Striking that balance between tact and support can be hard, but it is not impossible. By writing from the heart and sticking to a few careful guidelines, you can write a suicide sympathy note that conveys everything you want to say.
- Mention the Deceased by Name: Do not be afraid to use the deceased’s name or to say things directly related to his/her life. (Example: “I’m so sorry to hear of Michael’s death. I never knew anyone with a smile as brilliant as his.”)
- Include a Happy Memory: Happy memories are going to be difficult to conjure up for a long time after a loss by suicide, so anything you can say to spark these positive moments is helpful. (Example: “I still remember that time Susan climbed the tree in my backyard in under ten seconds flat. She always had such an adventurous spirit.”)
- Do Not Mention the Death: Yes, death is the reason for sending a sympathy card, and no, you cannot ignore it, but you can still show tact about how the loss happened. Do not refer to the suicide directly or ask invasive questions. (Example: “We’re holding Paul in our minds and in our hearts.
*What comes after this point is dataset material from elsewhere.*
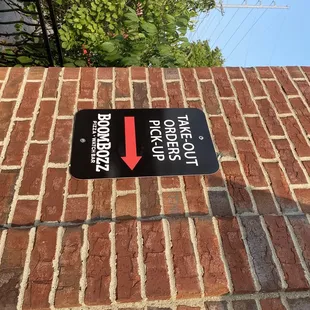 a street sign on a brick wall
The pain of your loss is felt by us all.”)
- Be Yourself: Many people do not know what to say or how to act when a suicide occurs. While this is a perfectly natural response, it is not going to be helpful for the immediate family. Be yourself and act as normal as you can. (Example: “You know I’m always here if you need to chat or want to get away for a few hours. Coffee is only a phone call away, let’s connect next week.”)
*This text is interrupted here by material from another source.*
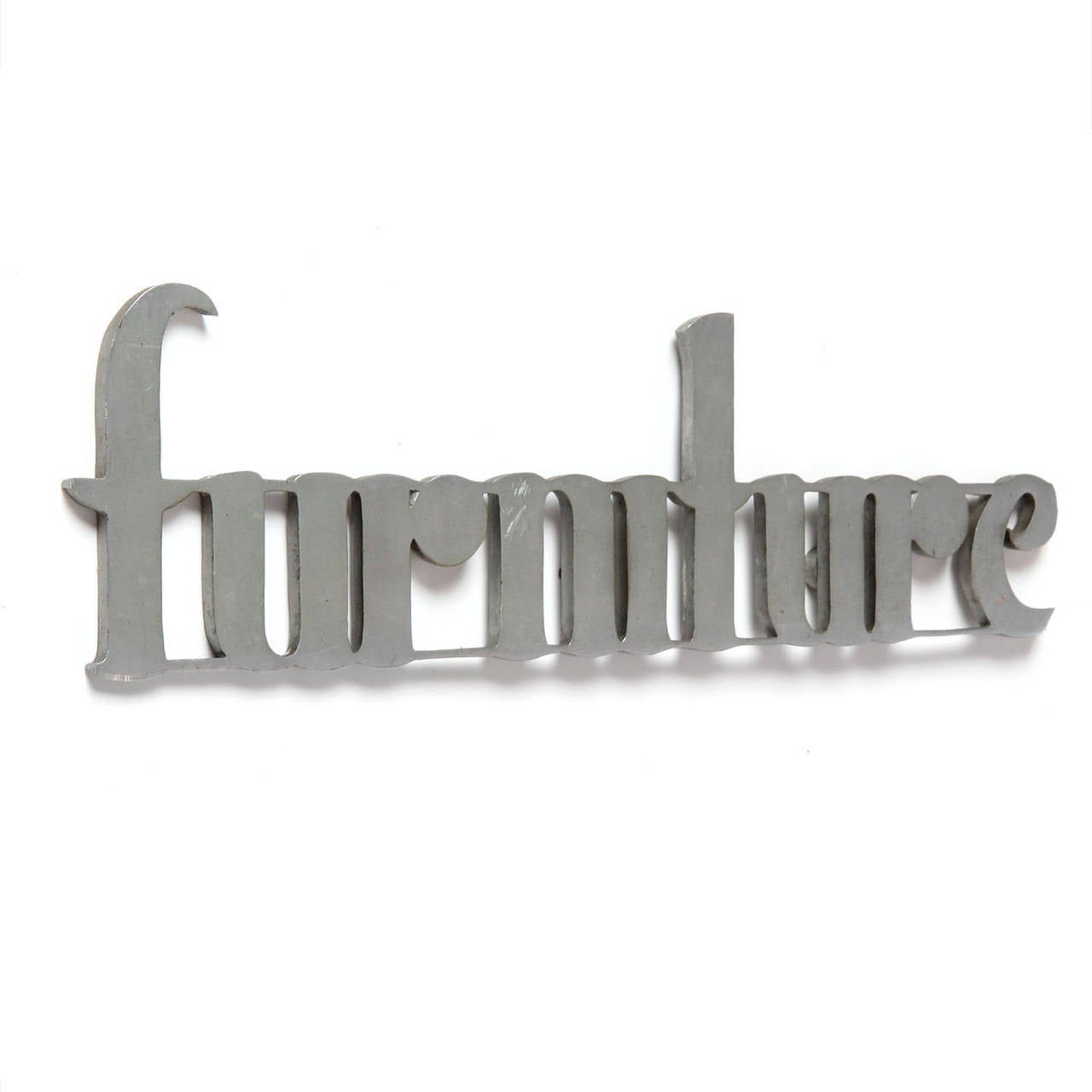 A delightful, substantial and graphic furniture store sign in a lower case Art Deco font crafted of die cut steel.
- Avoid Religious/Spiritual References: Religious teachings on suicide are, in many cases, very explicit. Even if you feel strongly about suicide or share the family’s views on suicide, do not bring them up. Chances are that the family is shifting their view as they struggle to reconcile their past beliefs with their new reality. (Example: “May you be granted the strength you need in the coming days. Harriet was a precious daughter and a beautiful human being, and we will miss her.”)
If you simply cannot think of anything to say, a pre-printed sympathy card that you sign will also work in this situation. It is better to say too little than to say something that will cause deeper pain.